23 Nov - 26 Nov 2017
This route runs along various galleries and an institute, showcasing a wonderful selection of paintings and drawings. It starts in the canal district and takes you right across the city towards the IJ. You can either walk this route, or take your bike, whichever you prefer. We guarantee that you will discover new exciting art exhibitions and artists, whilst also enjoying the city.
The Prince Claus Fund and the Amsterdam Fund for the Arts (AFK) present works by three visionary artists at three locations. Each is innovative, minimalist, sharply critical yet infused with wit. At the Prince Claus Fund Gallery, located at Herengracht 603 the exhibition ‘By His Will, We Teach Birds How to Fly: Ibrahim El- Salahi in Black and White’ is on view.
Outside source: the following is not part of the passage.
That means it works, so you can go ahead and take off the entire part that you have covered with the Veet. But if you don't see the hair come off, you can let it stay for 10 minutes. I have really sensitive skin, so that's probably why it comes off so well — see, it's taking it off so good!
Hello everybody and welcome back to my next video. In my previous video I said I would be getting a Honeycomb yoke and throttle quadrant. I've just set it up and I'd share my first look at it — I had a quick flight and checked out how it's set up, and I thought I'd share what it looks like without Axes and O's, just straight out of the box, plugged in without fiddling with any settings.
Ibrahim El-Salahi (Sudan, 1930) has defined modernism in Africa and the Arab world and uniquely influenced the contemporary art scene.
This exhibition is the result of Dutch artist Steven Aalders’ (The Netherlands, 1959) residency at the Van Doesburghuis near Paris this summer. During his stay in the home of the founder of De Stijl (1917 – 1931), he explored the concept of the golden ratio in relation to the movement’s primary colors. His geometric abstract oils are an attempt to create light and space using paint.
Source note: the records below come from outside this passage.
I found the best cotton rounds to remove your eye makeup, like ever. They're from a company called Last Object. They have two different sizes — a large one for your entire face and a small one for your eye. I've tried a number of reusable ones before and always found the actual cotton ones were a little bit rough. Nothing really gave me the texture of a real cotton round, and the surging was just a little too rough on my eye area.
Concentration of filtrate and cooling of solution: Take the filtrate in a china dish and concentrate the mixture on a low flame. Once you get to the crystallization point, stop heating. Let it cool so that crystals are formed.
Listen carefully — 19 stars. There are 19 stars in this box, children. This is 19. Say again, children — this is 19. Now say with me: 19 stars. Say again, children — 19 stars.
Ronald de Bloeme (The Netherlands, 1971) premieres at BorzoGallery this year with new paintings and works on paper. His show is interwoven with Donald Trump’s political claims about his inauguration. De Bloeme asks what constitutes reality, and whether there is such a thing as an alternative fact – questions that artists and philosophers have long sought to answer. The show takes its inspiration from a color graphic showing the results of last year’s Berlin state election.
Gerhard Hofland presents an exhibition of new works by Yesim Akdeniz (Turkey, 1978). While the artist’s paintings are visually mesmerizing, they are best described as conceptual, contemplating the relationship between recognizable or mysterious symbols and their meaning. By isolating them from their original contexts, she creates a world that feels both familiar and alienating.
Han Schuil (The Netherlands, 1958) has recently begun incorporating thermography, which employs infrared light to show temperature, into his largely spray-painted works. The aim is not to achieve an exact rendering of reality, but for the images to acquire a life of their own and give rise to new possibilities and associations.